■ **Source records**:

= Beginning of Section =

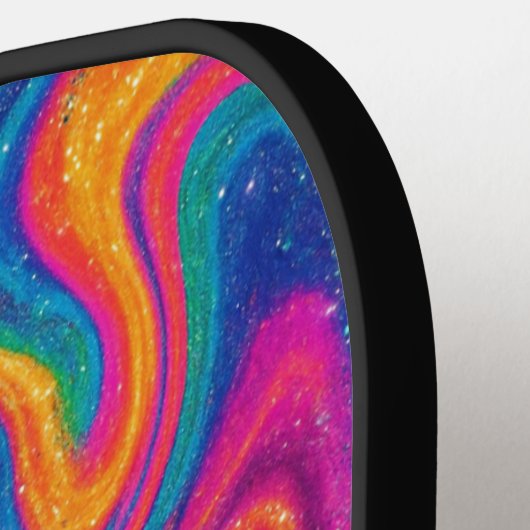 Psychedelische Glittery Neon Drip Pickleball Paddl Pickleball Paddle (Links Detail)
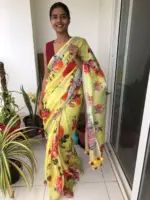 Lemon Yellow Printed Linen Saree adorned with Zari Weaves - Image 4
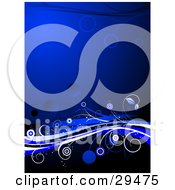 Clipart Illustration Of A Deep Blue Background With White Black And Blue Vines And Circles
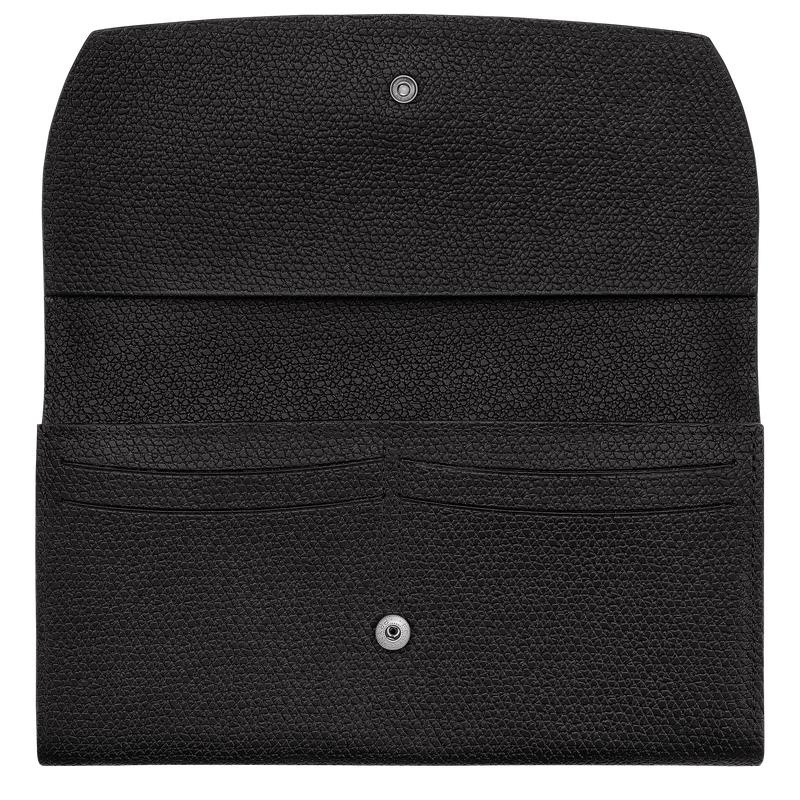 Black Longchamp Roseau Continental Women's Wallets | 48639-FKVP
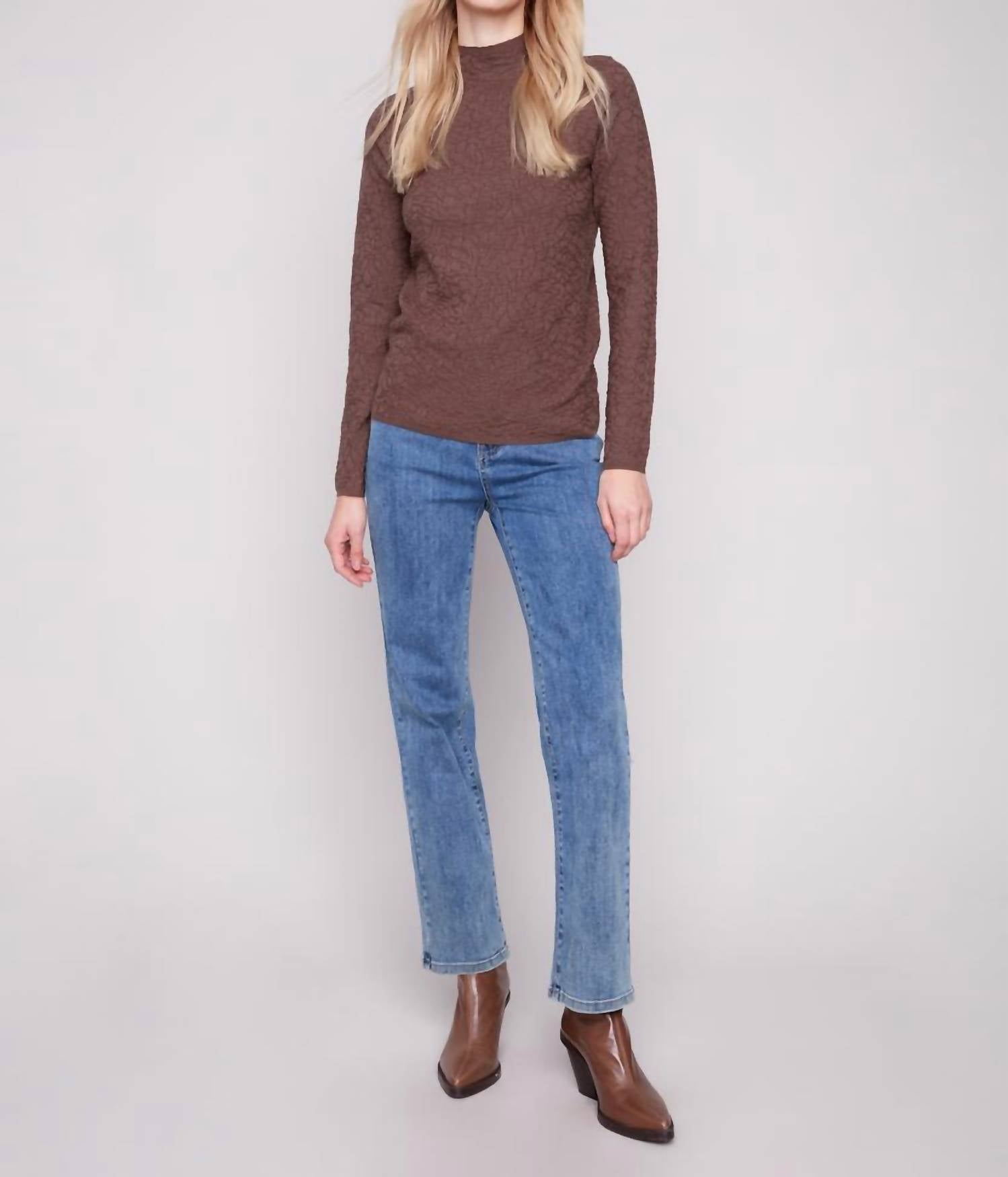 Charlie B - Mock Neck Textured Sweater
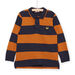 Polo-Shirt mit blauen und senffarbenen Streifen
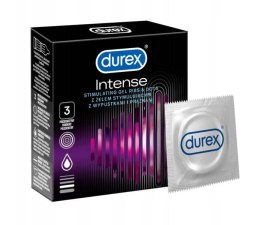 Durex Durex prezerwatywy Intense 3 szt z wypustkami prążkami żel stymulujący (P1)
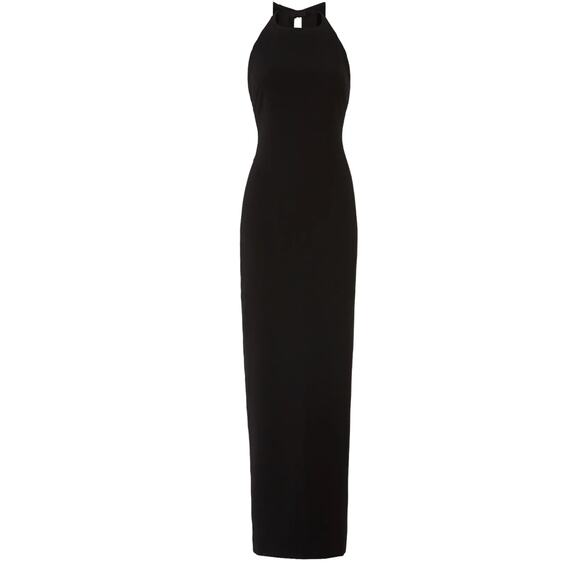 Badgley Mischka Black Bow Gown Size 14 Breakfast Tiffanys Formal Designer $740 - Picture 3 of 11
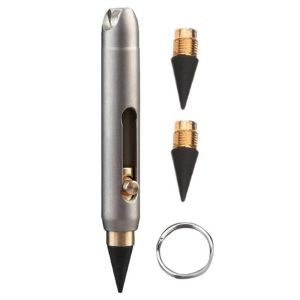 SWEET LORD Titanium Alloy Mini Eternal Pen 2 Replacement Pen Tips Light Weight Portable Emergency Writer Convenient Reusable Pocket Everlasting Pencil Camping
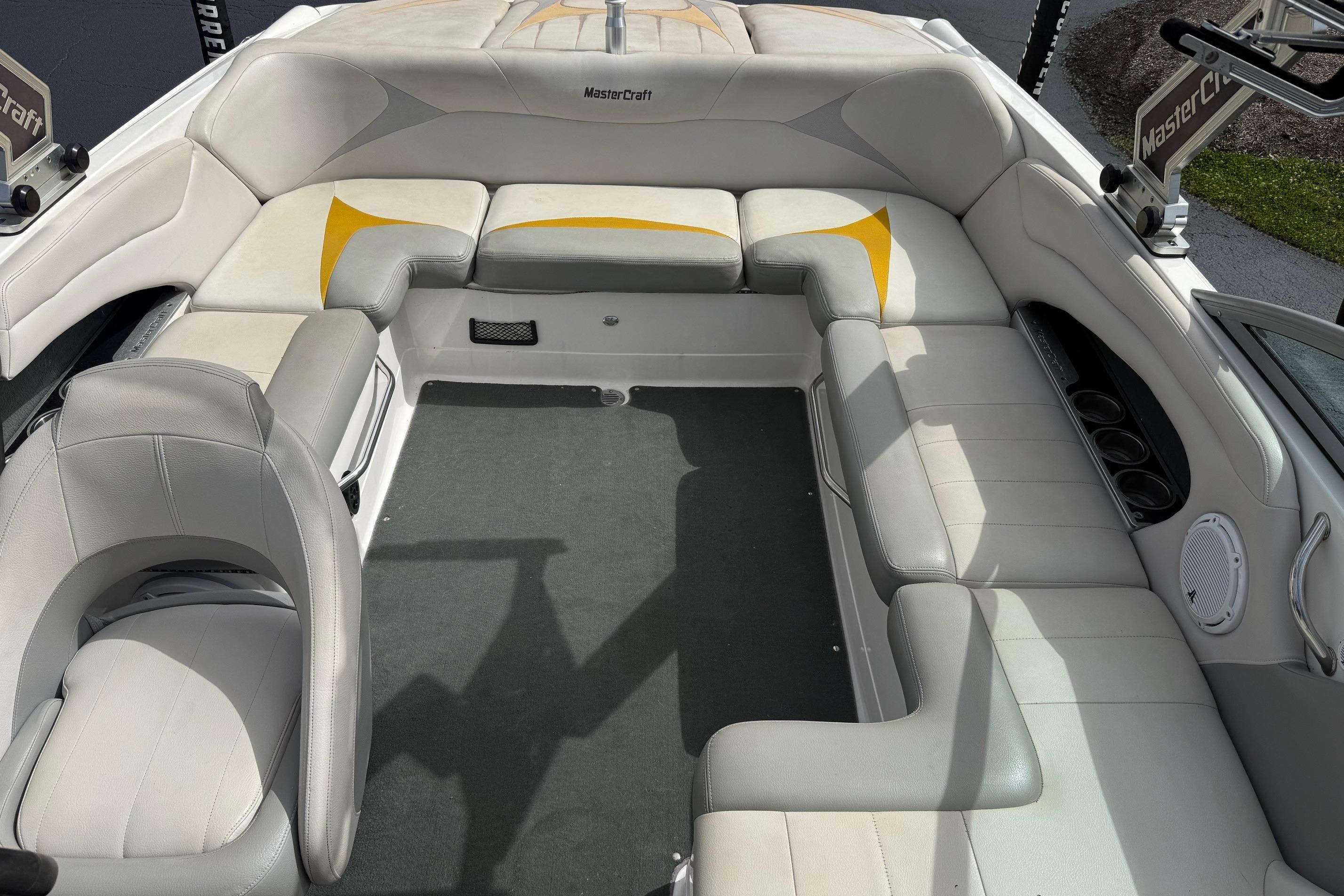 2008 MasterCraft X-15 boat interior with spacious seating and modern design.
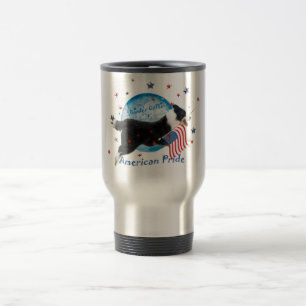 Grenzcollie-amerikanische Stolz-Reise-Tasse Reisebecher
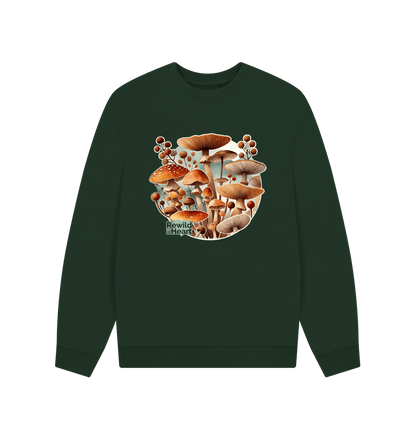 Evergreen Mushroom Bloom Men's Oversized Sweater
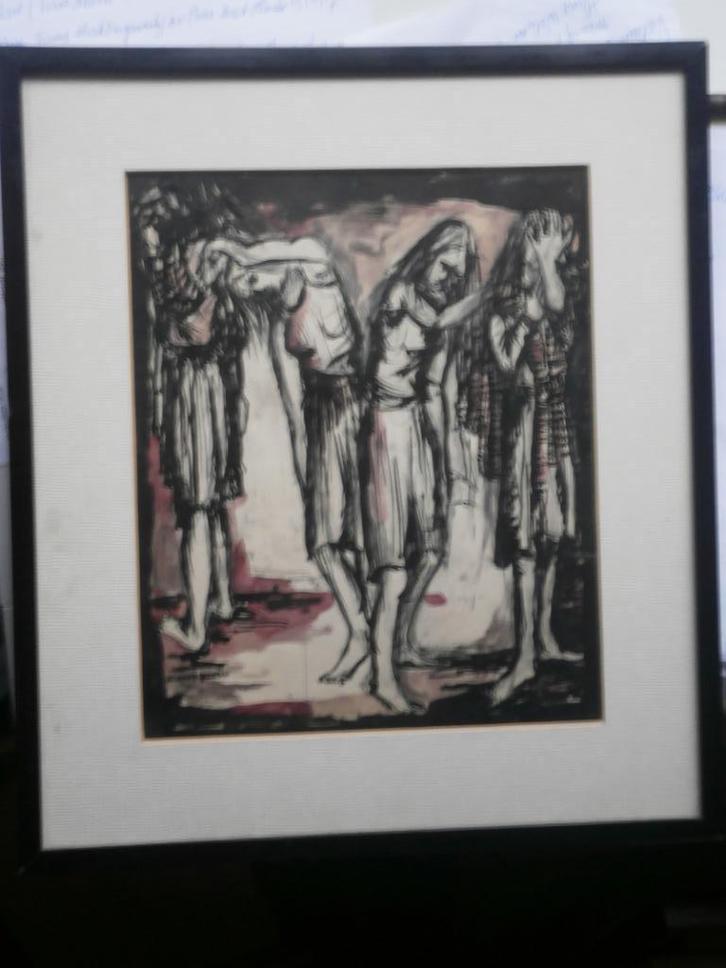 RELIGIE ??? Huilende vrouwen, schild. BIANCA GEEVEN, Antiek en Kunst, Kunst | Schilderijen | Klassiek, Ophalen of Verzenden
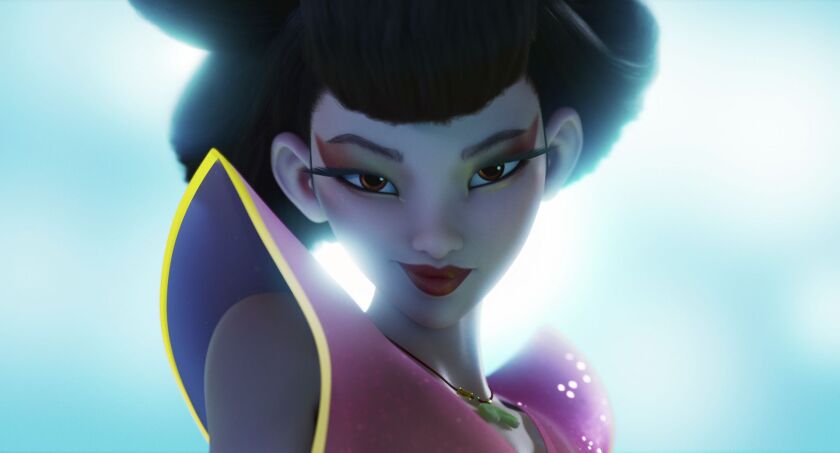 Chang’e is a mythical Moon Goddess (voiced by Phillipa Soo) in “Over the Moon.”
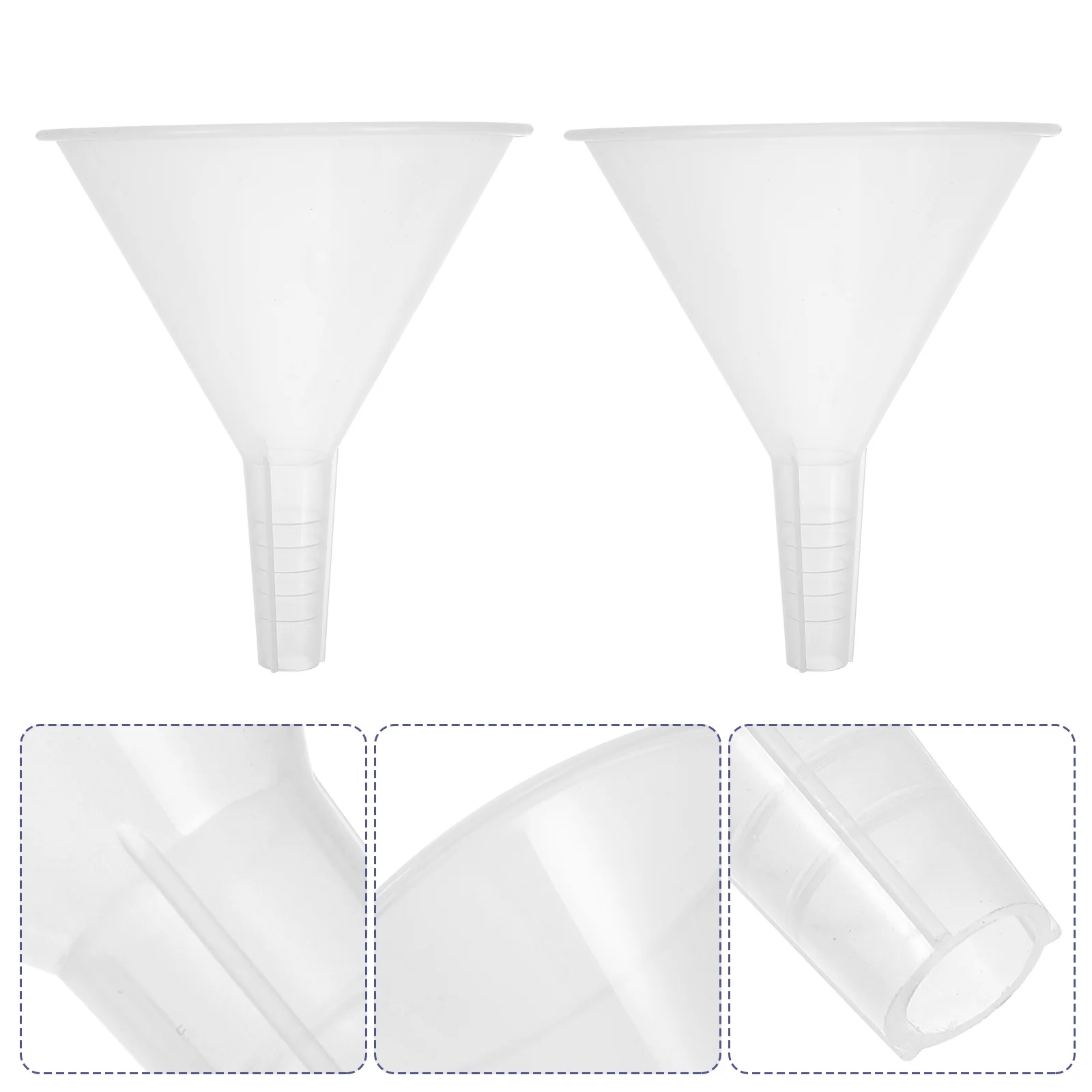 5pcs Laboratory Funnel Triangle Funnel 100mm Plastic Funnel for School Experiments Laboratory Filling Funnel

= End of Section =

■ **Assignment**: Every line above from the one with "Durex Durex prezerwatywy" down to the one with "Chang’e is a" must be written out exactly, and no picture may appear.

■ **Reply to the task**:
 Durex Durex prezerwatywy Intense 3 szt z wypustkami prążkami żel stymulujący (P1)
 Badgley Mischka Black Bow Gown Size 14 Breakfast Tiffanys Formal Designer $740 - Picture 3 of 11
 SWEET LORD Titanium Alloy Mini Eternal Pen 2 Replacement Pen Tips Light Weight Portable Emergency Writer Convenient Reusable Pocket Everlasting Pencil Camping
 2008 MasterCraft X-15 boat interior with spacious seating and modern design.
 Grenzcollie-amerikanische Stolz-Reise-Tasse Reisebecher
 Evergreen Mushroom Bloom Men's Oversized Sweater
 RELIGIE ??? Huilende vrouwen, schild. BIANCA GEEVEN, Antiek en Kunst, Kunst | Schilderijen | Klassiek, Ophalen of Verzenden
 Chang’e is a mythical Moon Goddess (voiced by Phillipa Soo) in “Over the Moon.”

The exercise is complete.